Tropical Fantasy is an inexpensive soft-drink, originally from Brooklyn, New York. Its low price of 49¢ per 21-ounce bottle led to its success in the 1990s. Tropical Fantasy was initially popular in inner city areas. The company did not employ large marketing campaigns and used simple store displays and low prices to sell its drinks. This made the product almost invisible to consumers not living in areas where the beverages were sold.
Tropical Fantasy is bottled by a small family-owned soft-drink manufacturer called Brooklyn Bottling Group, which has bottled seltzers since 1936. In 1990, with its debut of the Tropical Fantasy line, the soft-drinks became an overnight success. It now bottles over $2 million each month in sales.

Juice Cocktails
 Apple Juice
 Blue Raspberry
 Citrus Delight
 Fruit Punch
 Grape
 Kiwi Strawberry
 Lemon Iced Tea
 Mandarin Orange
 Passion Fruit
 Piña Colada
 Raspberry Rush
 Strawberry Lemonade
 Lemonade
 Cherry blue lemonade

Soft Drinks
 Black Cherry
 Champagne Kola
 Coconut
 Cola
 Cotton Candy
 Flite
 Ginger Ale
 Golden Fruit Champagne
 Grape Drink
 Island Punch Finisher
 Kool Kombucha Kooler
 Lemon 'n Lime
 Mango
 Mountain Rush
 Orange
 Pineapple
 Watermelon
 Wild Blue Cherry
 Wild Pink Strawberry
 Sweet Tea

African-American conspiracy theory
In April 1991, rumors began circulating in Black neighborhoods that the beverage was laced with a secret ingredient that would sterilize black men. The beverage quickly earned the nickname "Tropical Fanticide."  The rumors claimed that the Ku Klux Klan was actually bottling the product and using the low price to attract poor citizens. Similar unfounded rumors about Klan involvement periodically have plagued the Church's Fried Chicken chain and Snapple soft drinks.

Later that year the rumor spread rapidly and provoked violence in many city neighborhoods.

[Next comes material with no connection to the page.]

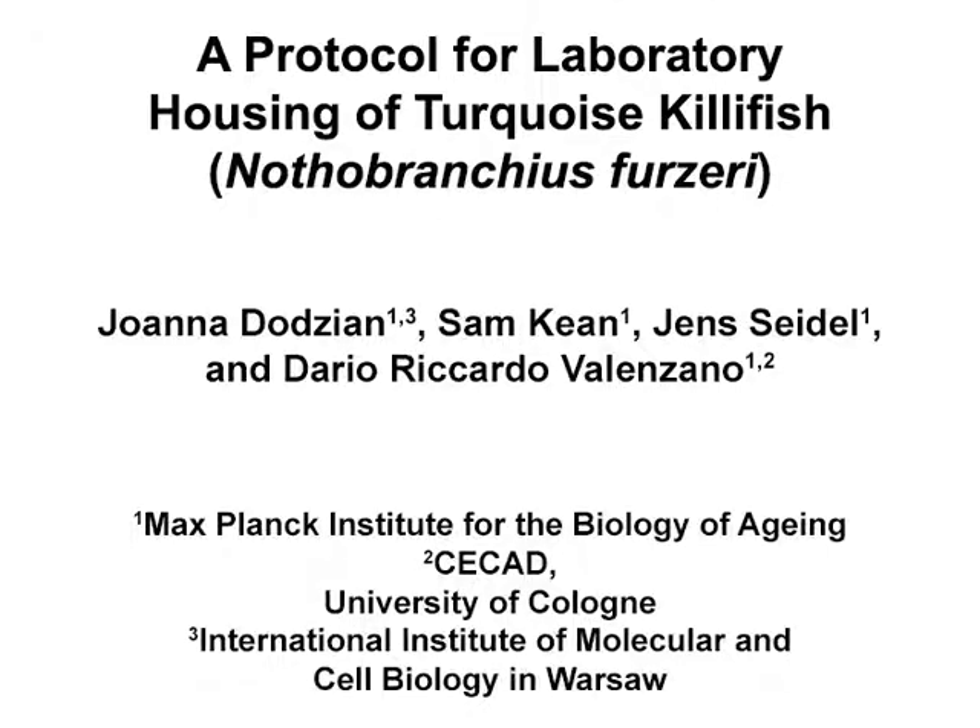The overall goal of this protocol is to successfully raise a laboratory colony of turquoise killifish to study aging and age-related diseases in a rapid and high-throughput manner. This method can help answer key questions in the aging field, such as whether single gene mutations or environmental interventions can modulate the aging process in vertebrate species. The main advantage of this technique is that by following our basic protocols, several laboratories can now perform experiments using turquoise killifish.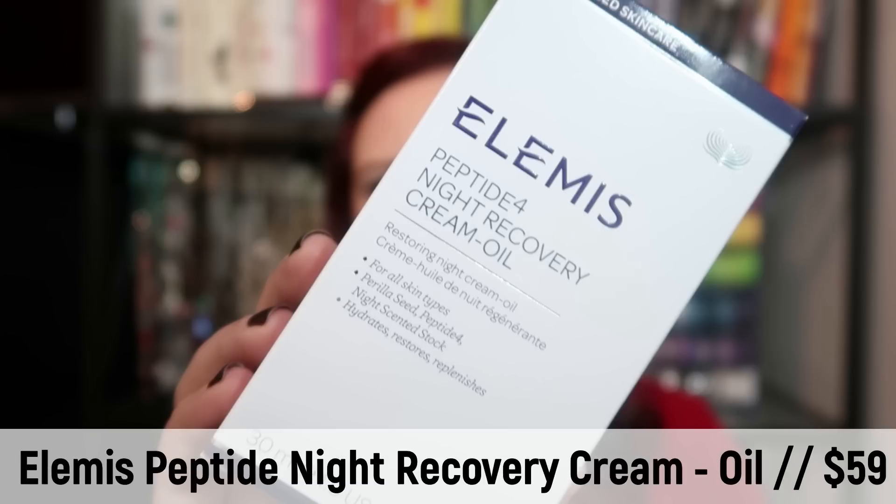The next thing I chose — clearly I was on a skincare kick — is this Peptide Night Recovery Oil from Elemis. I've never heard of this brand, but it says Advanced Skin Care and it's a night cream oil. I kind of like the combination of cream and oil. I do actually like to use marula oil on my skin at night sometimes, especially in the winter. It's a glass bottle, super nice and high quality, another small size. The value for this product is $59. So together we're already at well over $100 — totally worth it.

Attacks occurred on delivery trucks and storekeepers who stocked Tropical Fantasy. Due to these rumors and rising suspicions, sales of the beverage plummeted by 70%.

Investigations found the claims to be as preposterous. Sales recovered only after an extensive public relations campaign that included then-New York City Mayor David N. Dinkins, (who was Black) drinking a bottle of the soda for television news cameras.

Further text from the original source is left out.